方牧昭還是昨晚那副落拓打扮,寸頭睡出淺淺發路,像風分開了一田禾苗。
任月吓一跳。
方牧昭:“早。”
任月當然不會接茬,“你是老闆?”
方牧昭:“你要幹什麼?”
任月狐疑打量他,方牧昭看着更像一個幫工,哪個老闆到處跑貨拉拉?
不過海城人民卧虎藏龍,穿人字拖出街的有可能是手握幾棟樓的包租公。
任月:“我想給電單車打氣,這裡能打麼?”
方牧昭:“沒氣還是穿胎了?”
任月:“應該沒穿。”
方牧昭過來彎腰掐了掐電單車的前後胎,自言自語一句“沒穿”,起身去給充氣泵插上電。
任月對方牧昭懷着自然的不信任,問:“電單車也能充?”
方牧昭解開盤在一起的充氣管,“氣球都能充。”
任月扯了扯嘴角。
方牧昭拉着充氣管,蹲到電單車另一側,怼上車胎氣嘴充氣。
充氣泵震天響。
方牧昭擰緊氣嘴帽,上次虎口的傷口消失,沒留下疤痕,任月的也是。
她正好從高處看清他的手背,青筋葉脈般分布,鼓突清晰,富有力量感。抽血時她最喜歡這種手。
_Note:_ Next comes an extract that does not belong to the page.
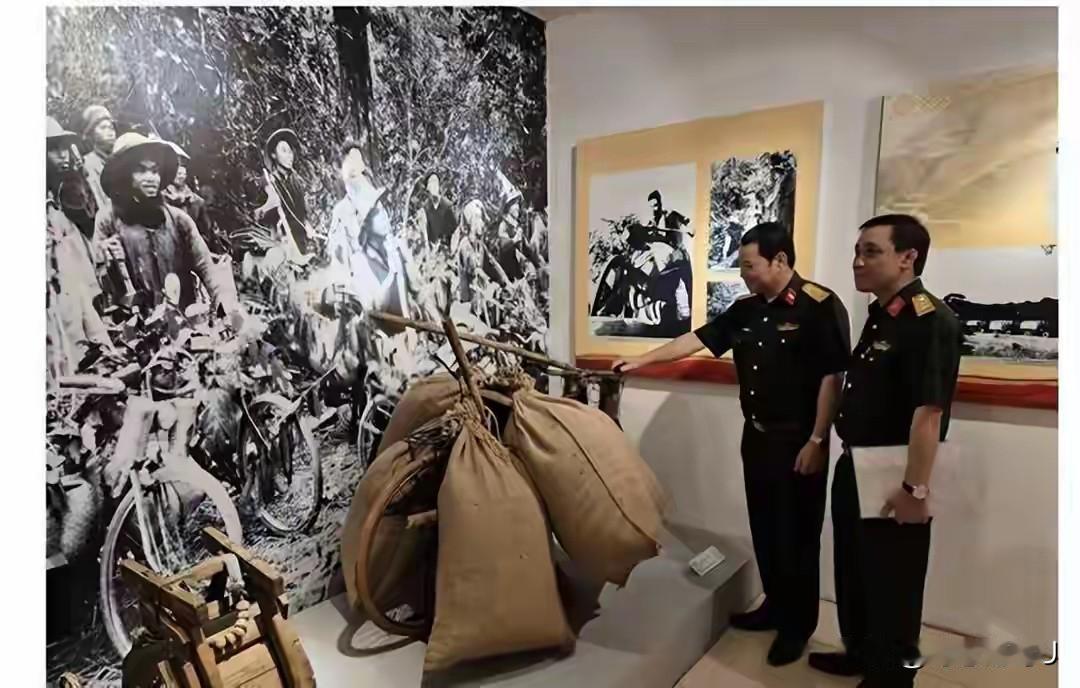 1979年对越反击战那会儿，我军在谅山战役里攻进了一个越军的物资仓库，一进去就发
“可以了。”方牧昭突然起身,任月心跳漏了一拍,好像跟同事在背後說八卦被當事人聽見。
她悄悄緩了口氣,“多少錢?”
方牧昭收整充氣管,别回原處,“充個氣要什麼錢。”
任月:“你真的是老闆?”
一個更像老闆的男人從他們身旁經過,穿Polo短袖衫,用紙巾擦着嘴,剛從隔壁湯粉店吃了早餐過來。
方牧昭說:“老闆,打氣不要錢吧?”
任月淡淡睨了方牧昭一樣,重複問題:“老闆,打氣多少錢?”
老闆很會做生意,看方牧昭又來保養,舍小取大:“靓女,誰給你打的氣誰說的算,你問問這位帥哥。”
方牧昭:“聽見沒?”
任月别扭地說了聲謝謝,踢開立撐,掉頭再上車。
方牧昭在後頭揚聲:“記得我昨晚說的,有消息叫我。”
任月扭頭,頭盔沒撥下風擋,日光刺眼,她不由微眯眼,猶豫的一瞬,給了方牧昭走近的機會。
任月抿了抿嘴,“你為什麼急着找他?”
“不止我在找他,别人也在找。要是别人先找到,就完了。”
方牧昭語氣嚴峻,不再有之前逗弄她的輕佻。任月不了解他,容易被唬住。
“别人……是什麼人?”
“比我更爛的人。”
任月第一次碰見爛仔自認頭銜,破罐破摔的人更無底線。
她當面罵任開濟一百遍,他也不會親口承認自己爛泥扶不上牆。但并不意味任開濟比方牧昭有底線。
任月剛對方牧昭建立的一管血的信任,瞬間又搖搖欲墜。
她就不該搭理這些爛仔。
“問一百次我也不知道他在哪。”
任月擰動把手走人。
休想用一塊錢打氣錢就收買她。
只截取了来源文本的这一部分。